2. Token-Centric Architecture vs. Logical Mass
LLMs operate strictly within the realm of syntax and token-transition probabilities. Their game is about derandomization and they tend to avoid complexity, eventually lack the capacity to comprehend the “Logical Mass” or the intrinsic computational weight of complexity classes beyond NP.
- The Human Advantage: Human intuition relies on multi-prover interactive proof that can distinguish above-NP class—the meta-cognitive capacity to map infinite, non-deterministic, and worst-case exponential scenarios within the mind.
- The LLM Blindspot: To an LLM, the groundbreaking proof of IP = PSPACE is processed with the same structural weight as any trivial string of text. Lacking the ability to simulate spatial complexity or infinite states (Recursively Enumerable=RE), the model cannot grasp why a paradigm shift is revolutionary, reducing profound breakthroughs to mediocre textbook summaries.
3. Economic Rationality and the Minority Dilemma
Ultimately, the evolution of LLMs is dictated by capitalism and market optimization. The loss functions of generative AI are structurally engineered to prioritize queries that maximize market expansion, user demand, and financial return.
Potential vector between LLM and Mathematics is totally different direction. While the history of mathematics and computation possesses the maximum logical mass, its active discourse community represents a linguistic minority.

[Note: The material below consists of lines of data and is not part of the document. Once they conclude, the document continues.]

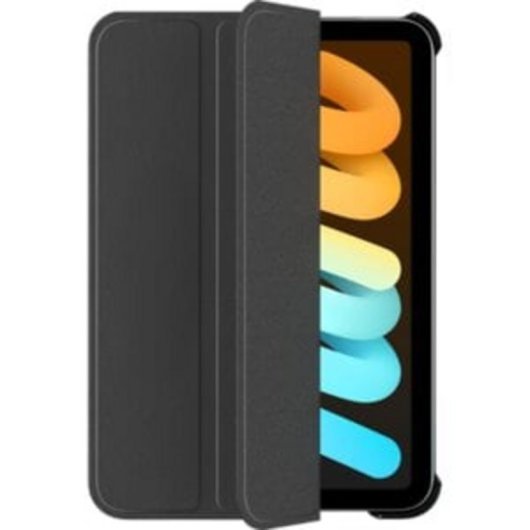 Bracelet Just in Case 8508324 Samsung Galaxy Watch 20 mm argent installation facile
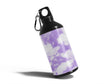 cumulonimbus accumulation sky Water Bottle DIY Stickers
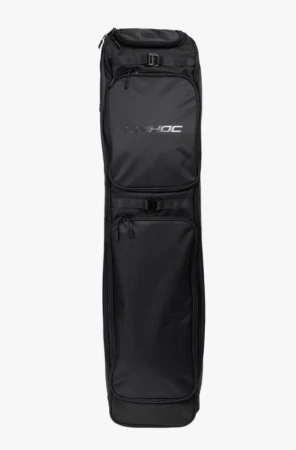 Unihoc Dark Line Deluxe JR 25/26 toolbag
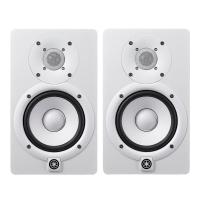 ราคา Yamaha HS5i ลำโพงมอนิเตอร์ คู่ Yamaha HS5 (9456098891)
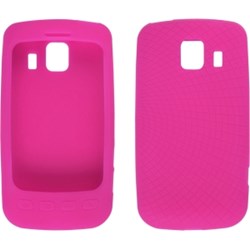 LG Compatible Premium Silicone Gel - Watermelon 338221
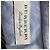 Camicia Burberry a maniche lunghe con bottoni in cotone grigio - vista 10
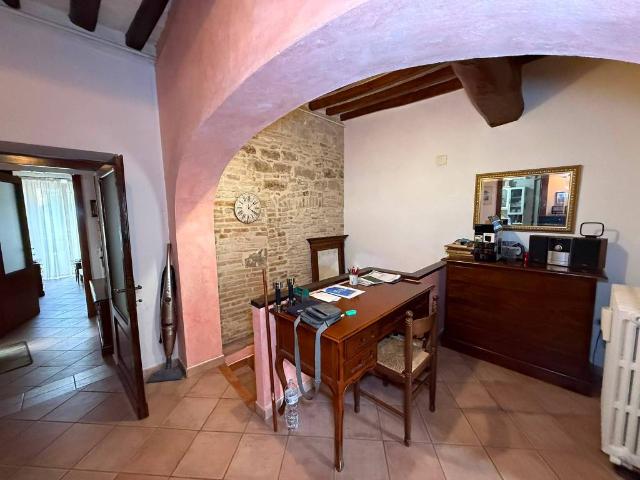 Appartamento in vendita a Perugia PG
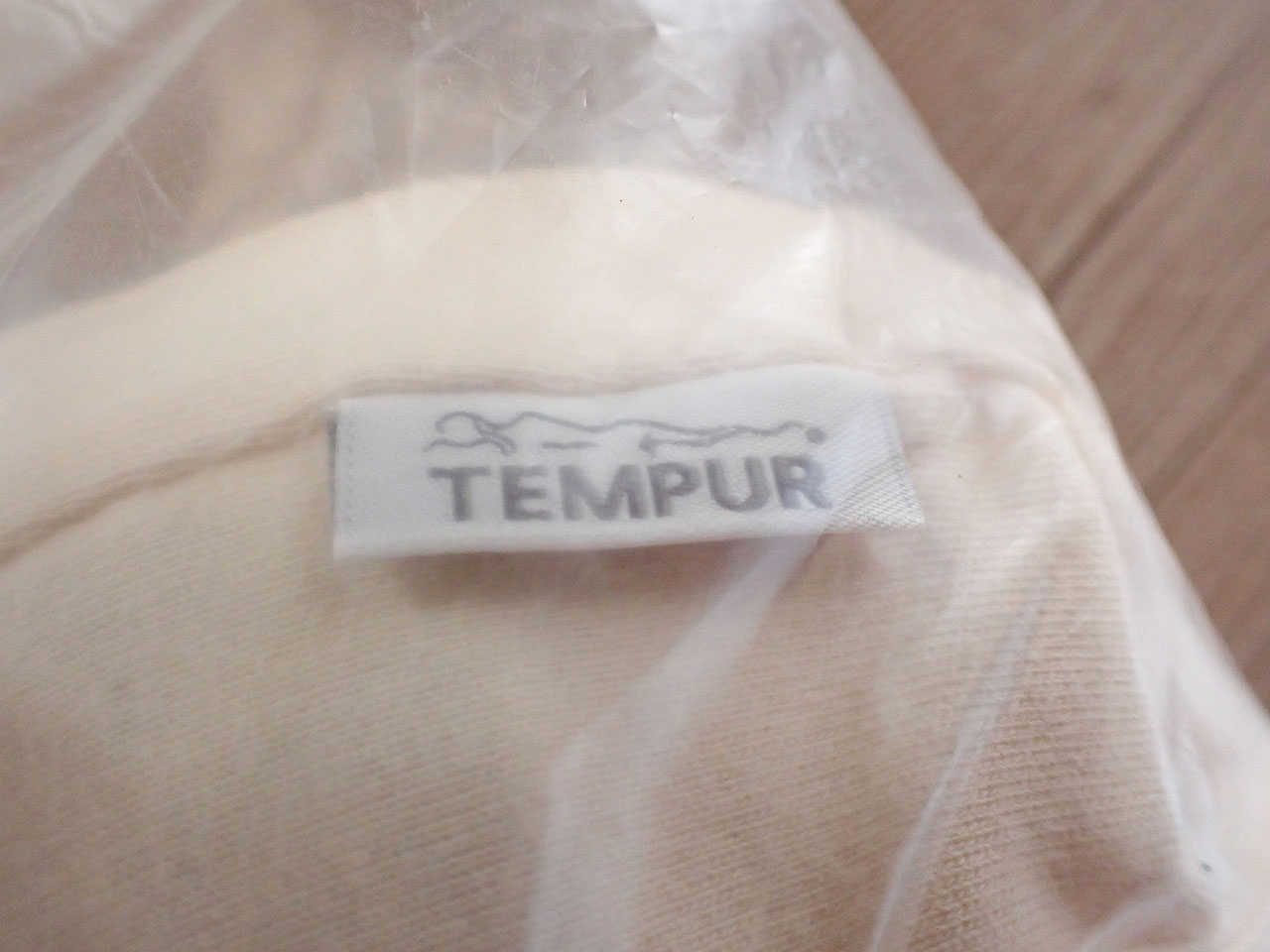 TEMPUR/テンピュール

This structual paradox can be plot as potential axis incoherence.
The Majority Axis(Commercial & Consensus)
- Speaker Population: Overwhelming majority of global users and the general workforce.
- Financial Return: High and immediate commercial viability (Enterprise solutions, task automation, API scaling).
- Logical Mass: Low to moderate complexity, relying on well-established, post-hoc consensus and standardized data.
- LLM Output Behavior: High precision, highly cost-effective, and optimized due to dense training data.
- Core Nature & Alignment: Supported by market rationality; the economic “gravity well” that pulls LLM parameters toward the statistical average.
The Minority Axis (Theoretical & Intuitive Domain)
Core Nature & Alignment: Driven by human “priors” (intuition); operating in unmapped zones where statistical data does not yet exist.
- Speaker Population: An extremely small, niche community of top-tier theoretical researchers.
- Financial Return: Low and delayed academic return (Pure foundational science with no immediate ROI).
- Logical Mass: Infinite and maximum complexity, dealing with uncomputable, non-deterministic worst-case scenarios (PSPACE to RE).
- LLM Output Behavior: High hallucination rates and exponential computational costs due to severe data scarcity and structural blind spots.
Because AI vendors must align with economic rationality, LLMs naturally overfit to the “majority consensus.” In the grand pool of global training data, the cutting-edge frontier of mathematical logic is treated as mere statistical noise. But it is important most breakthrough come from this minority axis.
The Gravitational Pull of the Past
At the frontier of science, LLMs become a trap that pulls researchers back toward the statistical average. Uncharted theoretical realms yield no data, and where data does not exist, an LLM cannot compute. The leap of faith required to establish new paradigms remains the exclusive domain of human priors—the cognitive ability to navigate the unmapped spaces of complexity that a purely general-purpose machine is mathematically destined to ignore.